Sep 04

I strongly recommend Thomas a Kempis’ book “Imitation of Christ” as a devotional book and I feel it should be in every serious Christian’s library. The only caution I have is to keep in mind that this book was written by a Roman Catholic monk and he refers to purgatory in some chapters. Also, in the fourth book concerning communion you will find references to the Papal teaching of transubstantiation.

Other than that, you need to have your holiness glasses on when you read – as in a number of places he refers to the Christian sinning as normal and you should read that as faults – not – sins for “whosoever is born of God sinneth not” (1Joh 3:8). In numerous books I have read, I have found it common for even deeply spiritual people to refer to the unlawful desires of their flesh and their many faults as sin.
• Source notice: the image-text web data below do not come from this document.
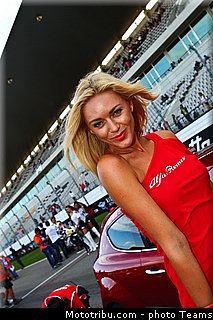 sbk_pitbabe_018_portugal_portimao_2012.jpg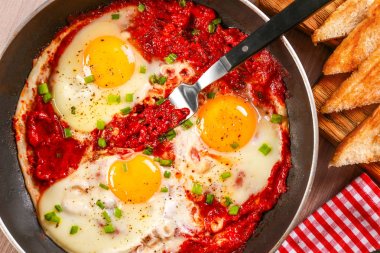 Kızartma tavası Araf içinde yumurta ile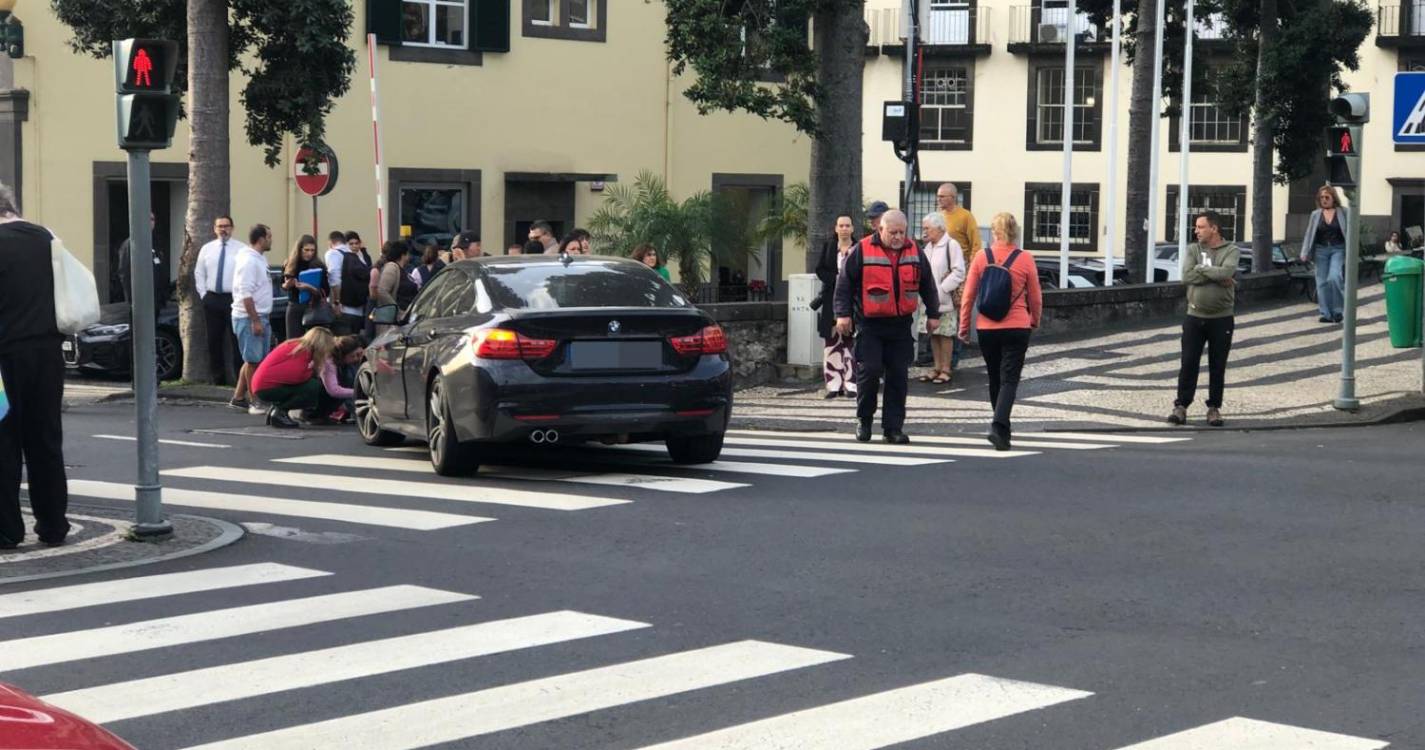 Atropelamento em passadeira no Funchal deixa mulher de 55 anos ferida nas pernas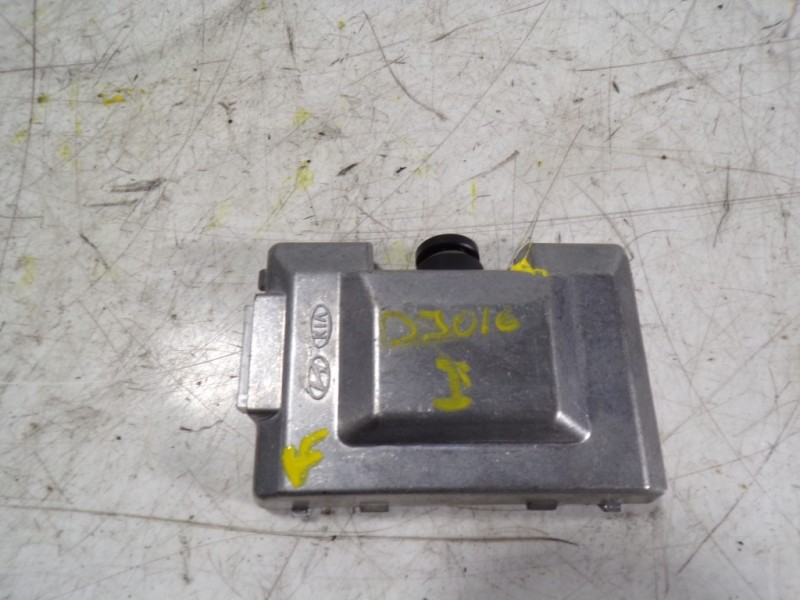 Recambio de modulo electronico para hyundai i20 1.0 tgdi cat referencia OEM IAM 95890C8600 95890C8600 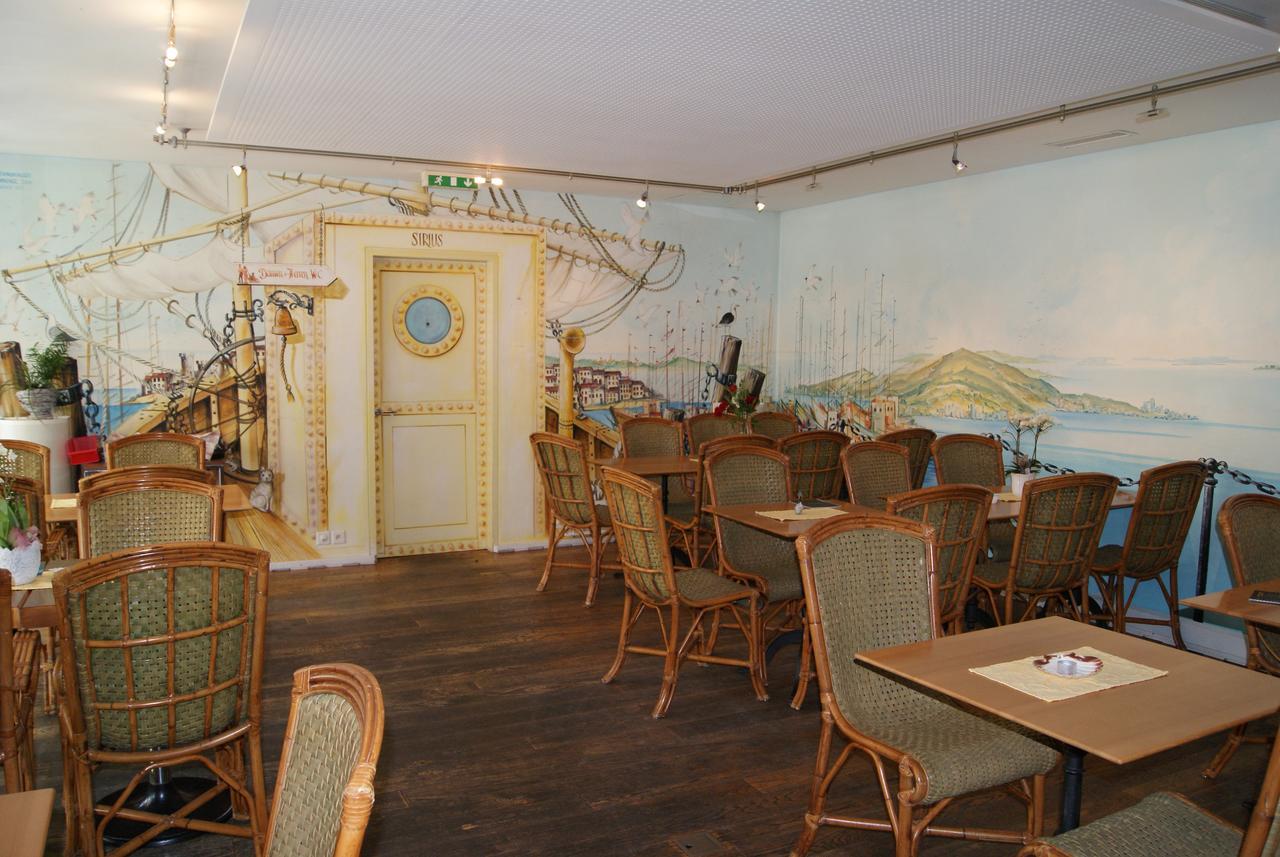 Hotel Schlosspintli Spiez Bagian luar foto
Regarding such, I like the definition that John Wesley uses.

The following is a quote from each chapter so you that you get an idea of the quality of writing. This is not a book to be read and then laid down, but a book that you can read and read again – and you should spend time meditating on the principles laid out in the book.
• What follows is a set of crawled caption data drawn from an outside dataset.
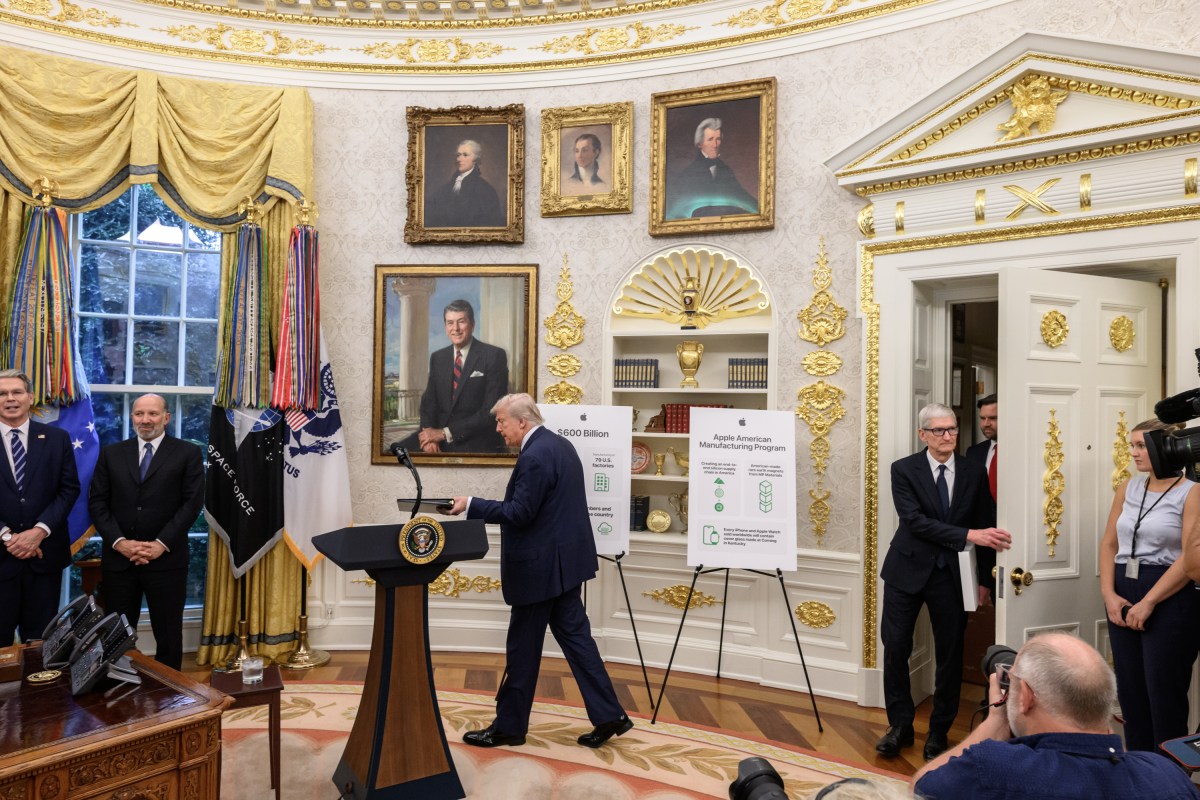 President Donald Trump delivers remarks alongside Apple CEO Tim Cook, Vice President JD Vance, Secretary of the Treasury Scott Bessent, and Secretary of Commerce Howard Lutnick after announcing a $100 billion investment in the U.S., Wednesday, August 6, 2025, in the Oval Office. (Official White House Photo by Molly Riley)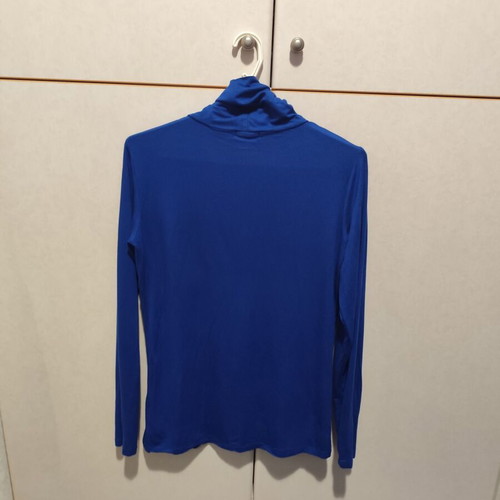 Blue turtleneck blouse like new made of viscose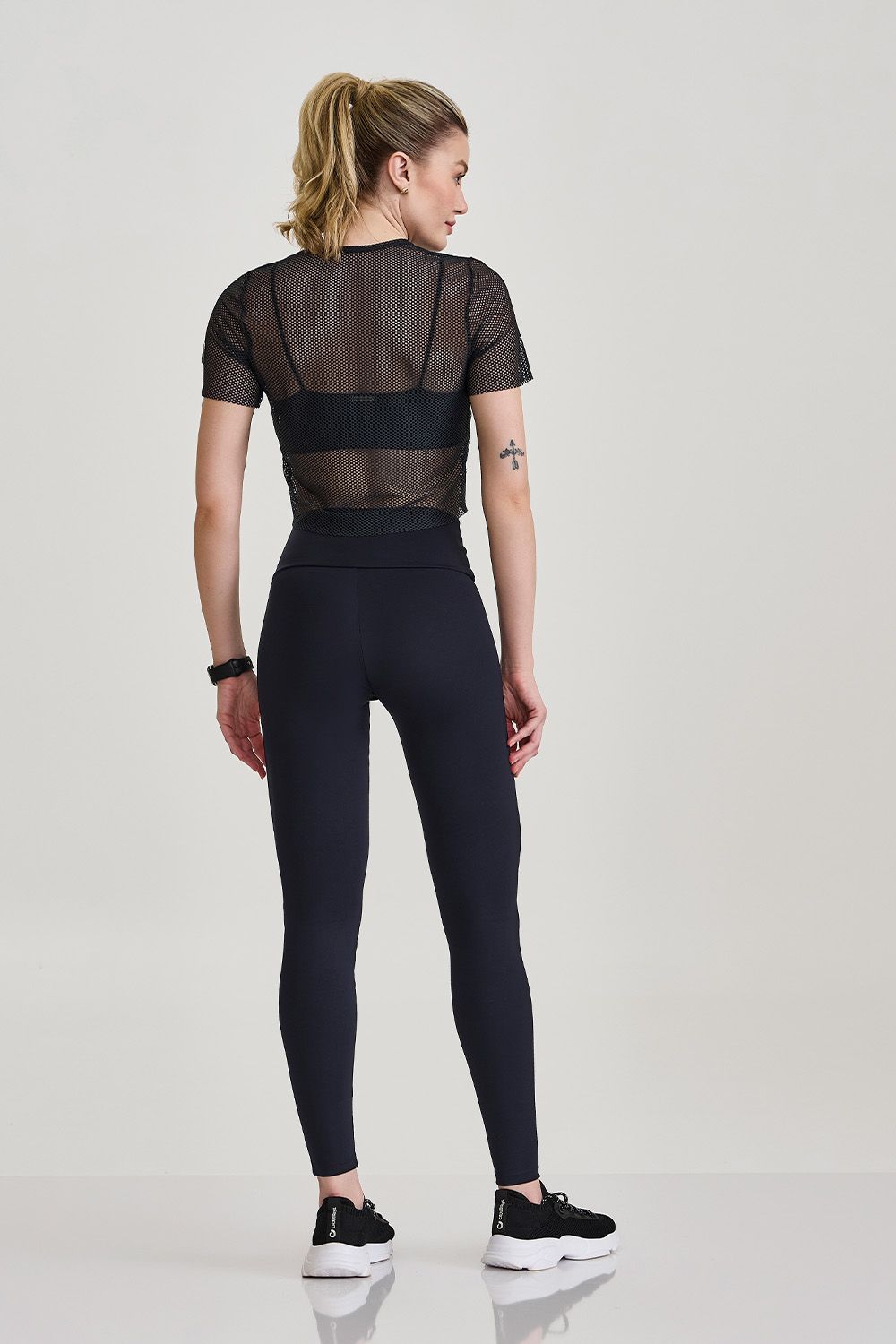 Cropped De Tela Com Aplicação Preto Caju Brasil
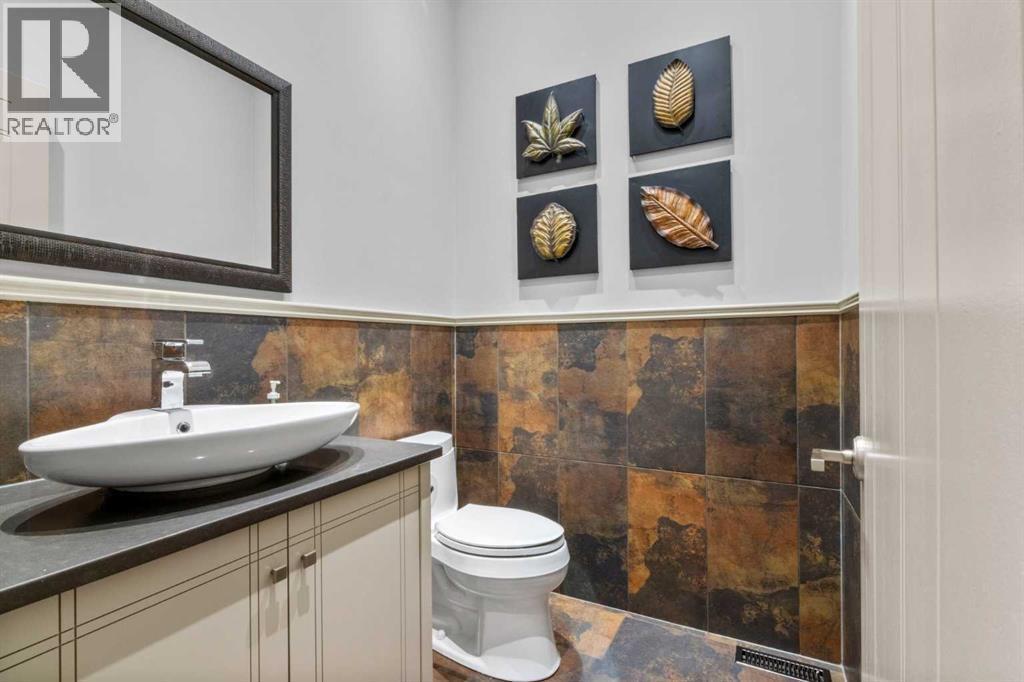 CALGARY, Alberta, T2E 2A7, CA, 5 Bedrooms Bedrooms, ,3 BathroomsBathrooms,Residential,For Sale,1947976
I hope you can get as much good out of this book as I have!

Quotes From Book Two — The Interior Life:
1. Meditation — When Christ was in the world, He was despised by men; in the hour of need He was forsaken by acquaintances and left by friends to the depths of scorn. He was willing to suffer and to be despised; do you dare to complain of anything?

2. Humility — Hence, you must not think that you have made any progress until you look upon yourself as inferior to all others.

3. Goodness and Peace in Man — Behold, how far you are from true charity and humility which does not know how to be angry with anyone, or to be indignant save only against self!

4. Purity of Mind and Unity of Purpose — If you aim at and seek after nothing but the pleasure of God and the welfare of your neighbor, you will enjoy freedom within.

5. Ourselves — If a man would weigh his own deeds fully and rightly, he would find little cause to pass severe judgment on others.

6. The Joy of a Good Conscience — Praise adds nothing to your holiness, nor does blame take anything from it. You are what you are, and you cannot be said to be better than you are in God’s sight.

7. Loving Jesus Above All Things — Give up all other love for His, since He wishes to be loved alone above all things.

8. The Intimate Friendship of Jesus — For what, without Jesus, can the world give you? Life without Him is a relentless hell, but living with Him is a sweet paradise.

9. Wanting No Share in Comfort — A man must fight long and bravely against himself before he learns to master himself fully and to direct all his affections toward God.

10. Appreciating God’s Grace — Resign yourself to patience rather than to comfort, to carrying your cross rather than to enjoyment.

11. Few Love the Cross of Jesus — Jesus has always many who love His heavenly kingdom, but few who bear His cross.

12. The Royal Road of the Holy Cross — In the cross is salvation, in the cross is life, in the cross is protection from enemies, in the cross is infusion of heavenly sweetness, in the cross is strength of mind, in the cross is joy of spirit, in the cross is highest virtue, in the cross is perfect holiness.